- **EXERCISE BRIEF**:
Pictures are to be dropped. Everything else in the listing gets copied exactly.

- **COLLECTED DATA**:
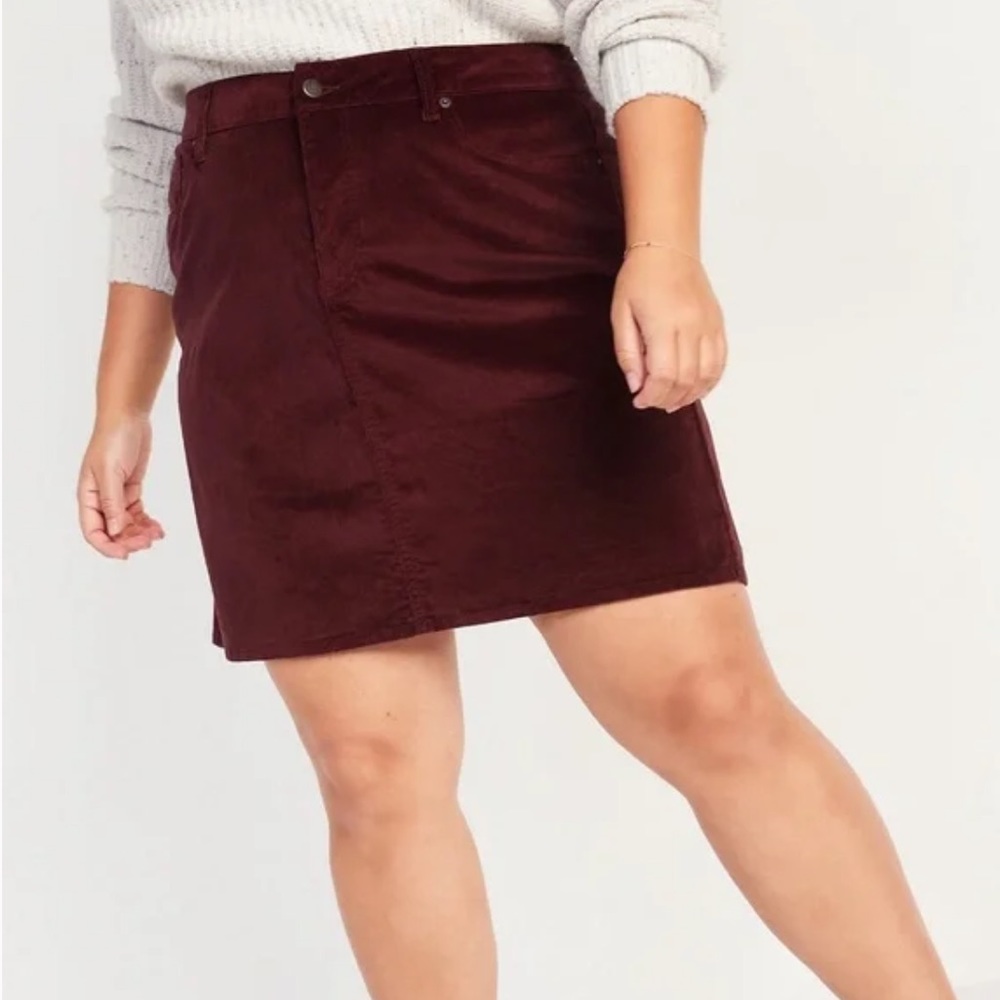NWT Old Navy Burgundy Velvet Mini Skirt | Size 20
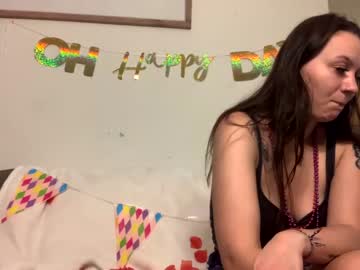 latina cam girl kylieexoxoxo2432 image #4191873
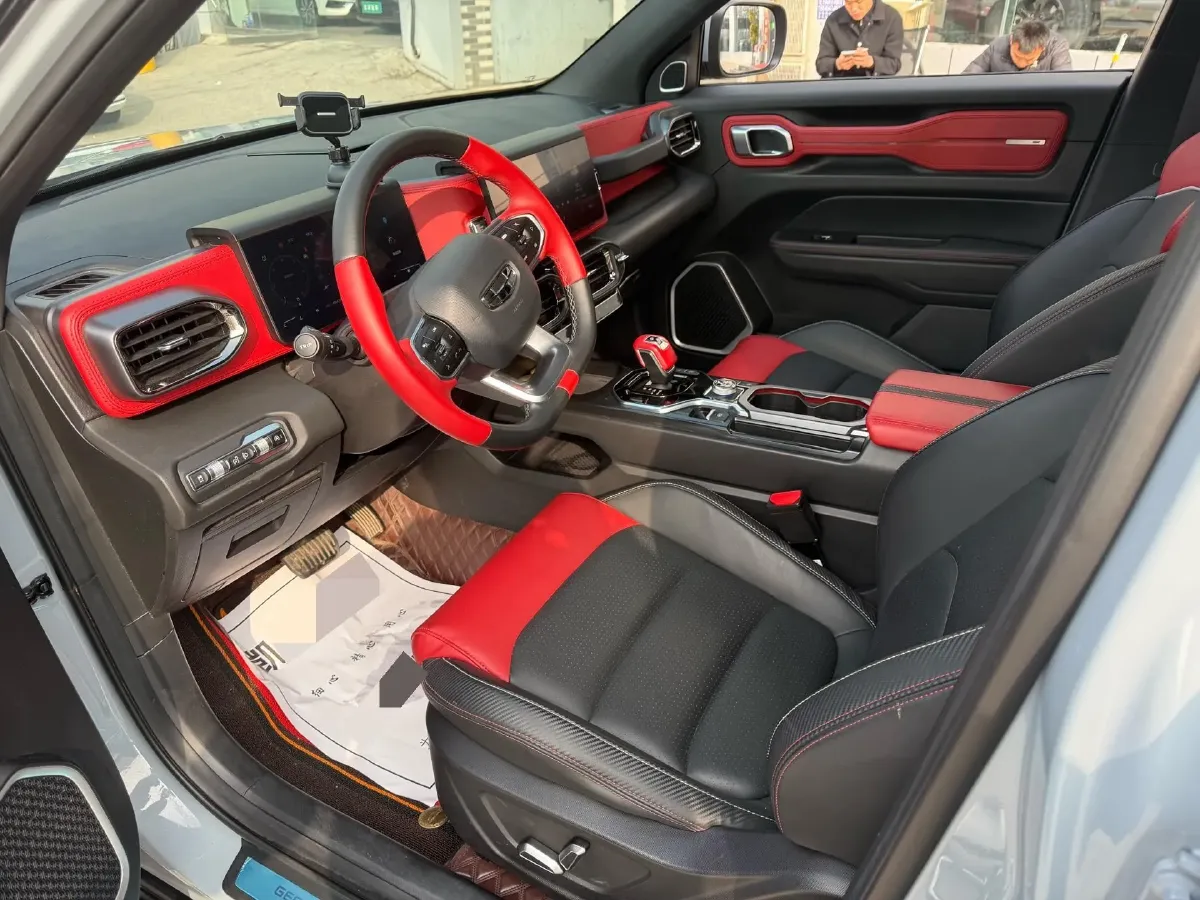 2020 Geely ICON 1.5T 177HP L3 7DCT,autocango,china used car exporter,china ev exporter,chinese used car exporter,chinese used ev exporter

- **RESPONSE AREA**:
NWT Old Navy Burgundy Velvet Mini Skirt | Size 20
 latina cam girl kylieexoxoxo2432 image #4191873
 2020 Geely ICON 1.5T 177HP L3 7DCT,autocango,china used car exporter,china ev exporter,chinese used car exporter,chinese used ev exporter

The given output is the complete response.